Common Sense: A Ten Year Plan

Ten years is a long time.

That's the amount of time that passes before this whole tax cut fully takes effect. Just think about that. Ten years.

Ten years ago George Bush "Senior" was president. Ten years ago most of us didn't know who Bill Clinton was. Ten years ago those Swissair victims were alive. As were the EgyptAir and Concorde victims. As were the victims in Bosnia and Somalia.

Ten years ago, there was no Internet bubble. In fact, there wasn’t much of an Internet. The Dow was worth about a fourth what it is now. The Nasdaq was worth about a fifth of what it is now. Ten years ago there were no reality shows.

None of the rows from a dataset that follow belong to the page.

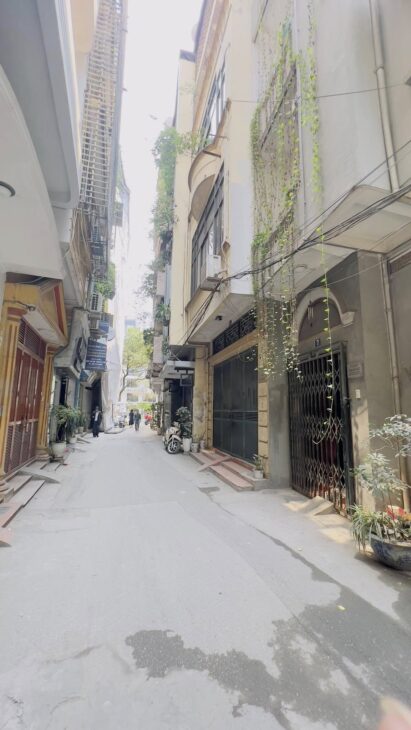 BÁN NHÀ HÀO NAM – PHÂN LÔ OTO – KINH DOANH – GẦN GA TÀU ĐIỆN – 50M2 – 5 TẦNG – 13.5 TỶ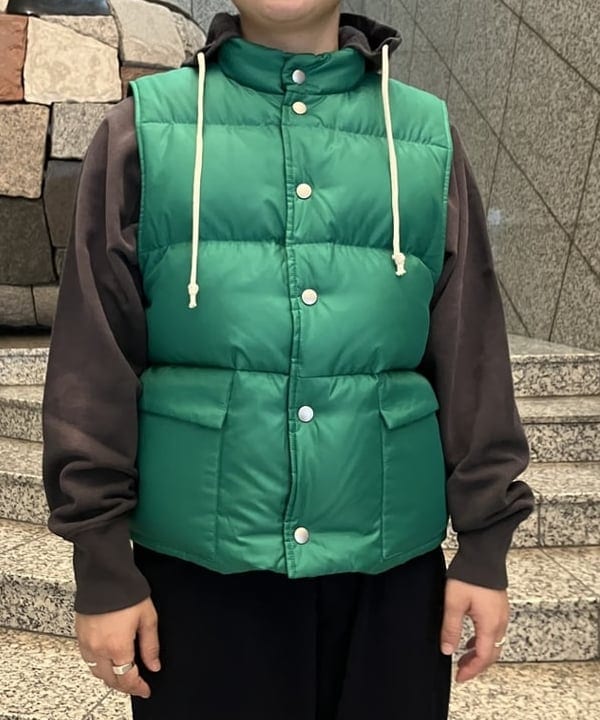 赤羽 花さんの「BEAMS WOMEN｜【別注】WAREHOUSE & CO. / セコハン 後付け フーディー」を使ったコーディネート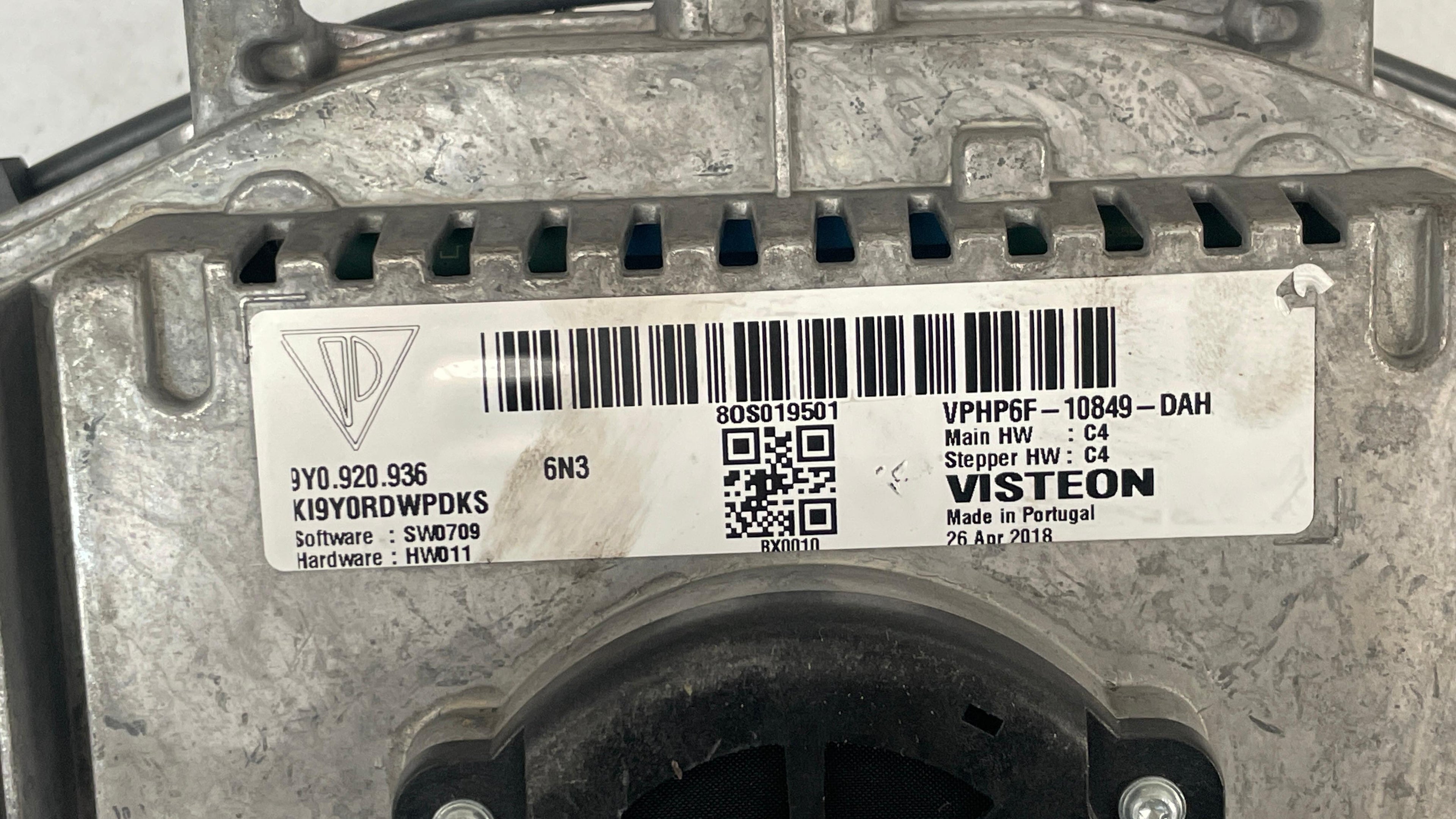9Y0920936 PORSCHE CAYENNE SPEEDOMETER INSTRUMENT CLUSTER PANEL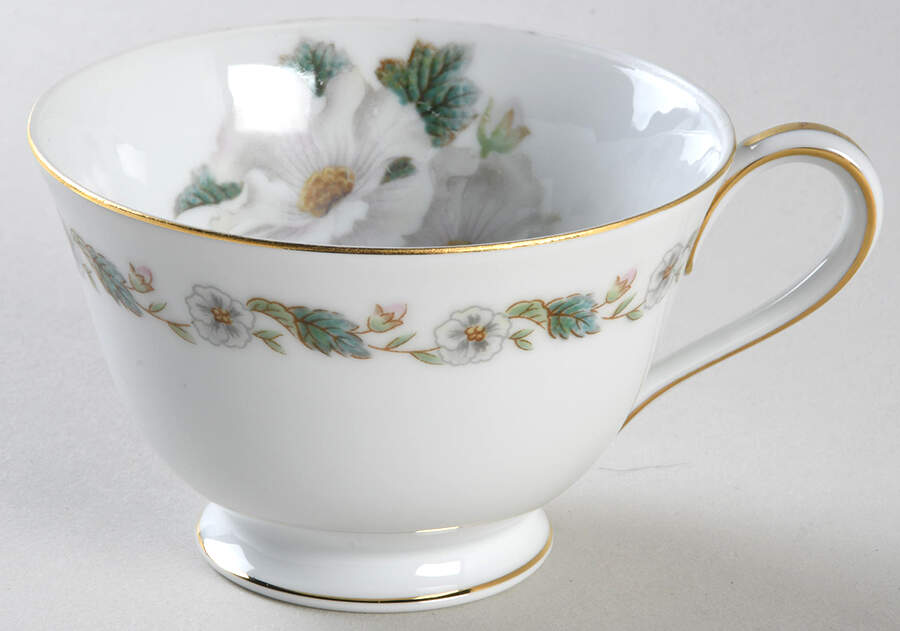 5029 Footed Cup by Noritake-1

There were no Star Wars prequels and no Austin Powers flicks.

There were no surpluses. Only deficits as far as the eye could see. And ten years ago, taxes were lower. Less than two years later, the top rate would suddenly be nearly five points higher.

My point? Over time a lot of things change. Some times, in record time.

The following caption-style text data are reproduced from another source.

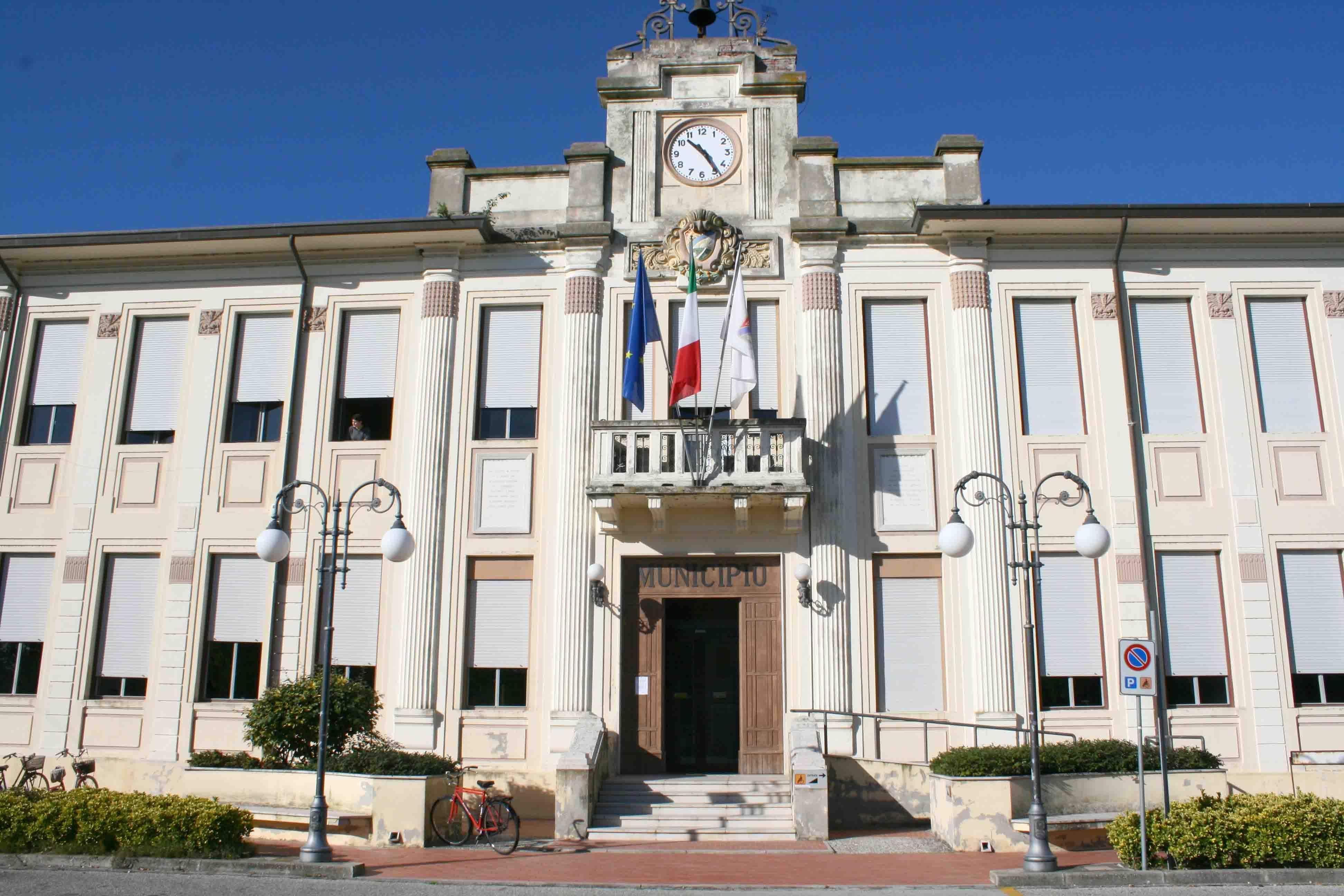 Jolanda di Savoia, amministrazione sotto accusa 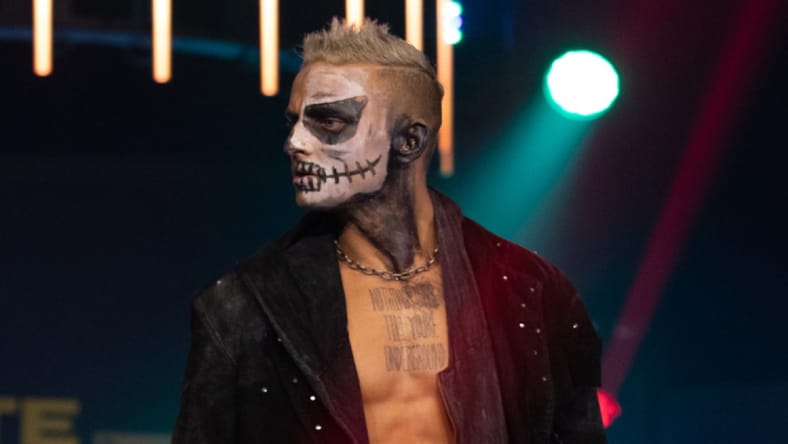 AEW star jumps off balcony to make a point
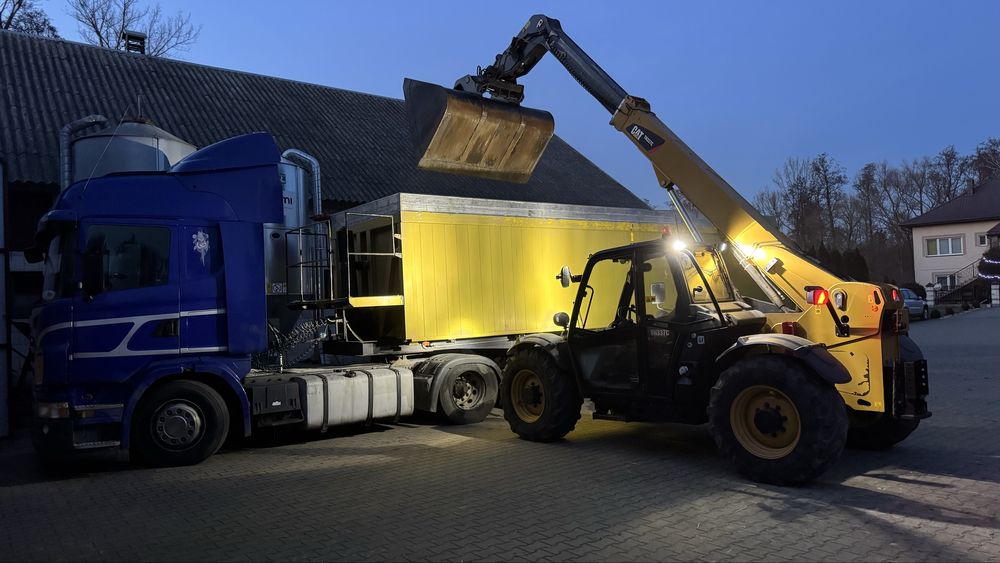 Transport materiałów sypkich - zboża, wapna, kruszywa, żwiru, piasku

That's why I worry about this ten-year tax plan of President Bush's. Because so much of it takes effect later, rather than sooner.

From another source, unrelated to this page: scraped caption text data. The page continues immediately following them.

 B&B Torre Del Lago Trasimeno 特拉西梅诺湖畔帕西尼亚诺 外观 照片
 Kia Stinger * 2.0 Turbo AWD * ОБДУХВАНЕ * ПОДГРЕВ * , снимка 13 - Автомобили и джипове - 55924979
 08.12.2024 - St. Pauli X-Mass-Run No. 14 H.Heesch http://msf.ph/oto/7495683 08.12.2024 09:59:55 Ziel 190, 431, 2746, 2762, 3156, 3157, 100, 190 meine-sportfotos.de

I'd like to say I trust Washington to keep to its vote and its word, that these tax cuts will come. But I have my doubts and I have my ears. I hear what Tom Daschle is saying, that down the road it might be appropriate to revisit this whole tax cut issue. And I have my eyes. I read what former Congressional Budget Office head Robert Reischauer writes about nixing some of the tax cuts before they take effect, so it doesn't look like a tax hike getting rid of them after they take effect.

And I have my gut. Which tells me left to its own devices, many in Congress would rather spend more than give back.